Bisnissawit.com – Kemenangan Indonesia dalam sengketa kelapa sawit di Organisasi Perdagangan Dunia (WTO) membuka peluang baru. Dalam bagi penyelesaian perundingan Indonesia-European Union Comprehensive Economic Partnership Agreement (IEU-CEPA) dan menekan implementasi European Union Deforestation Regulation (EUDR).
Melansir situs resmi Menteri Koordinator (Menko) Perekonomian, Airlangga Hartarto menyampaikan perihal ini kepada wartawan di Jakarta, Minggu (19/1/2025).
Airlangga Hartarto meyakini kemenangan ini memperkuat posisi Indonesia dan Malaysia. Sebagai negara produsen kelapa sawit terbesar, memperjuangkan perlakuan yang adil bagi komoditas sawit.
Airlangga Hartarto menegaskan kemenangan di WTO memberikan momentum bagi kedua negara untuk memperkuat strategi implementasi dan mencegah diskriminasi terhadap sawit di masa mendatang.
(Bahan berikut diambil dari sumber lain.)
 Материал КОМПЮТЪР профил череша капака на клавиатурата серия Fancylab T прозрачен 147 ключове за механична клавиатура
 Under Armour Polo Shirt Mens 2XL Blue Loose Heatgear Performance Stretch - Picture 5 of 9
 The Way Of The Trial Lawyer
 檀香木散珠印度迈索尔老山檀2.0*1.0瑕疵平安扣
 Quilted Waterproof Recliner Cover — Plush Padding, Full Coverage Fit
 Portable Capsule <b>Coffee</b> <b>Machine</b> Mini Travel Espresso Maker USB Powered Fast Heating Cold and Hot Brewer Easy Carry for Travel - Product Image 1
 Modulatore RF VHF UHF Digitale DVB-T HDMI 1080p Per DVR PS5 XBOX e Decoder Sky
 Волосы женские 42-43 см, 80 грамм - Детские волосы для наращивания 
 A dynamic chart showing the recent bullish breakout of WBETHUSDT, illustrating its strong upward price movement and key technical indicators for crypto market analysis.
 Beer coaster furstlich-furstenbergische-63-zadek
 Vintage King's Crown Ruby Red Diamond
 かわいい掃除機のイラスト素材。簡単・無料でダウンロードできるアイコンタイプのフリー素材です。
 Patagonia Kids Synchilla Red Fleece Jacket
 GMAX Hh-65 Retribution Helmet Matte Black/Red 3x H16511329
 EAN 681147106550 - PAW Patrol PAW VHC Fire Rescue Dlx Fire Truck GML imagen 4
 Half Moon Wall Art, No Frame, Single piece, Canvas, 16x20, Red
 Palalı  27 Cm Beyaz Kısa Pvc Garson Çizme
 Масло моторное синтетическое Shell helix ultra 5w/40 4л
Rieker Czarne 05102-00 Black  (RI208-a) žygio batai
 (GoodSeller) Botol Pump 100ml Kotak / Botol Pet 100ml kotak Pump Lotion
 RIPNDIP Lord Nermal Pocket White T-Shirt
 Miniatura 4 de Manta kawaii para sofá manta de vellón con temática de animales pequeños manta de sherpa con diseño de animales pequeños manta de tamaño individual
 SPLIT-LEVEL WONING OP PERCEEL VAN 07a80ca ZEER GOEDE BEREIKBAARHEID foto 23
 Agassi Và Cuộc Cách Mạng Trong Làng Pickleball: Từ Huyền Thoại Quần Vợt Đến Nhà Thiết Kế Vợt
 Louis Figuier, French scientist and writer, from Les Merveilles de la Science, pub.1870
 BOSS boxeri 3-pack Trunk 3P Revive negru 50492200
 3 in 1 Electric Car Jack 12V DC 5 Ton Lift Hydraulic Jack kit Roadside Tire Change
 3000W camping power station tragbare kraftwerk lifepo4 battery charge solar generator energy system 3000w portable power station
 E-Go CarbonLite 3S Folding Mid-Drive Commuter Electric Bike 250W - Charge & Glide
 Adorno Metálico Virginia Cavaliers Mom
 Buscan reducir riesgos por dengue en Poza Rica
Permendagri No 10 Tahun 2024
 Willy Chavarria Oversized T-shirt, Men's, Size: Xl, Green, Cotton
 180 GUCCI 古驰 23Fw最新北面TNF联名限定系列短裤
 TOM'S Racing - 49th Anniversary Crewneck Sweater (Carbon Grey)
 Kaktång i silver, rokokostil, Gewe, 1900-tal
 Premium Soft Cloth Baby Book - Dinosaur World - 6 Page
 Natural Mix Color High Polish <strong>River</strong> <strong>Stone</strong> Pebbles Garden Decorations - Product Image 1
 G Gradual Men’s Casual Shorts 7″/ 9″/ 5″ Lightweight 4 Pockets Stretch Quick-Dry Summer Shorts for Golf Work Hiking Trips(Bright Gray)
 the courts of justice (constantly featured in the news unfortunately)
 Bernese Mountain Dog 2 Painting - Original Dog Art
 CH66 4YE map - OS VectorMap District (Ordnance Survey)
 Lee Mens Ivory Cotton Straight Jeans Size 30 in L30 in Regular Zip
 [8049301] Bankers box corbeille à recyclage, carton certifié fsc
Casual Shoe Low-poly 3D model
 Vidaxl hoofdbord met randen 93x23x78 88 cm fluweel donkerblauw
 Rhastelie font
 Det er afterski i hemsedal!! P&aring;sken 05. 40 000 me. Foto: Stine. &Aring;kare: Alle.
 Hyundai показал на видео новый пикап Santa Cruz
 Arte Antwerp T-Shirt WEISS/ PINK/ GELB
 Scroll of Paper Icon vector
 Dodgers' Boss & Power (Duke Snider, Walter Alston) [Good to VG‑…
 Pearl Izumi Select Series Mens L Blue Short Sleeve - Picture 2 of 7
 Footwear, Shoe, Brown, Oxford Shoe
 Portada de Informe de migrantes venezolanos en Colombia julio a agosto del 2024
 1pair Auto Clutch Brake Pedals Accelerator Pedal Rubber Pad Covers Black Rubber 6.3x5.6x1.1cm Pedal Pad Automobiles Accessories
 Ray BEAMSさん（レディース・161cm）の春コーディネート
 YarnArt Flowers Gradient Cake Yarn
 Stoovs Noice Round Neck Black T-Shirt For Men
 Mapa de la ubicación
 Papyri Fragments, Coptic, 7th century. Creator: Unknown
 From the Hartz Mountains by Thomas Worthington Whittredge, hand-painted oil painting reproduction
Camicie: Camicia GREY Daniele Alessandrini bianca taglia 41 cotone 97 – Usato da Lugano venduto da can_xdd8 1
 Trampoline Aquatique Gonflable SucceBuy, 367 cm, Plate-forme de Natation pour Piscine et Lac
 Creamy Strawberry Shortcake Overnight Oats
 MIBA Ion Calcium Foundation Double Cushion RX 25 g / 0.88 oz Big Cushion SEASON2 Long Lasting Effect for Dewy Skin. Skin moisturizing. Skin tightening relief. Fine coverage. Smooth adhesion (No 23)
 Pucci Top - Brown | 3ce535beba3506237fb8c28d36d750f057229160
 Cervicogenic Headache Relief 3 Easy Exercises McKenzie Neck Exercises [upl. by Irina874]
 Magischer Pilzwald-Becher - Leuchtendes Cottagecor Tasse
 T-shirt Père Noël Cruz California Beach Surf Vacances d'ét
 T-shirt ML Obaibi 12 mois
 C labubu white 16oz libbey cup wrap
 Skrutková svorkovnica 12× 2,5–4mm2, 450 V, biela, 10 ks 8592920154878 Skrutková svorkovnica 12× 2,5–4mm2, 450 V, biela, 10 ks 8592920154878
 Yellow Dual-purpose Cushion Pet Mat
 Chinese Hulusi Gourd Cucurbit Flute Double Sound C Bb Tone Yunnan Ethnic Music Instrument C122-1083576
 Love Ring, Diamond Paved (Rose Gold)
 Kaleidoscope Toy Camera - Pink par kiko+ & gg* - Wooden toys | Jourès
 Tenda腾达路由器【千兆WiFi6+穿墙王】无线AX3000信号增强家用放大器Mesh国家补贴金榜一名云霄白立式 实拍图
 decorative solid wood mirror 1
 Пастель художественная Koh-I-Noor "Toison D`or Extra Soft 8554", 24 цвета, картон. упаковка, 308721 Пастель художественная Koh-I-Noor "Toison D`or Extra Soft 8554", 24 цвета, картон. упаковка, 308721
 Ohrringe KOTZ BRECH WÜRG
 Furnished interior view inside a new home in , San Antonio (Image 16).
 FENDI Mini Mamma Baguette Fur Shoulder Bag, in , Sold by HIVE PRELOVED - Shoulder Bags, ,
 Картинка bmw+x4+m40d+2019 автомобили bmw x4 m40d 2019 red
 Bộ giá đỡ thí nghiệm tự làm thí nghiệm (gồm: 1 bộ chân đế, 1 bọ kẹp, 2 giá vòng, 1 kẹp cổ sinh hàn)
Kemenangan ini juga diharapkan menghilangkan hambatan yang selama ini mewarnai perundingan IEU-CEPA.
“Kami berharap kemenangan Indonesia di WTO melawan Uni Eropa membantu penyelesaian perundingan IEU-CEPA,” tutur Airlangga Hartarto.
Perjuangan Indonesia dan Malaysia bersama Council of Palm Oil Producing Countries (CPOPC) di Brussels sebelumnya menunjukkan komitmen kuat melawan diskriminasi Uni Eropa terhadap sawit. Misi-misi ini melibatkan pertemuan dengan parlemen Uni Eropa, aktivis NGO, pengusaha, dan CEO. Perundingan IEU-CEPA sendiri telah berlangsung belasan kali dengan tujuan meningkatkan perdagangan, investasi, dan kemakmuran bersama.
Lebih lanjut, Airlangga Hartarto menekankan dampak kemenangan WTO terhadap EUDR. Ia meyakini kemenangan ini menjadi alat penekan bagi Uni Eropa terkait implementasi EUDR yang ditunda hingga 30 Desember 2025.
“Keputusan WTO berdampak pada kebijakan EUDR yang diambil Uni Eropa,” kata Airlangga.
Airlangga Hartarto menambahkan penundaan implementasi EUDR selama satu tahun mengindikasikan ketidaksiapan Uni Eropa. Keputusan WTO ini memberikan kekuatan tambahan bagi Indonesia dalam menentang kebijakan EUDR. Indonesia akan terus menentang kebijakan diskriminatif dan tidak pro-rakyat, mengingat lebih dari 41% penggarap kebun kelapa sawit di Indonesia adalah pekebun rakyat.
Menteri Perdagangan, Budi Santoso, sebelumnya menyambut baik putusan Panel WTO yang menegaskan Uni Eropa melakukan diskriminasi terhadap biofuel berbahan baku kelapa sawit Indonesia dibandingkan produk minyak nabati serupa dari Uni Eropa dan negara lain. Ia berharap putusan ini mencegah negara mitra dagang lain memberlakukan kebijakan serupa yang berpotensi menghambat perdagangan global.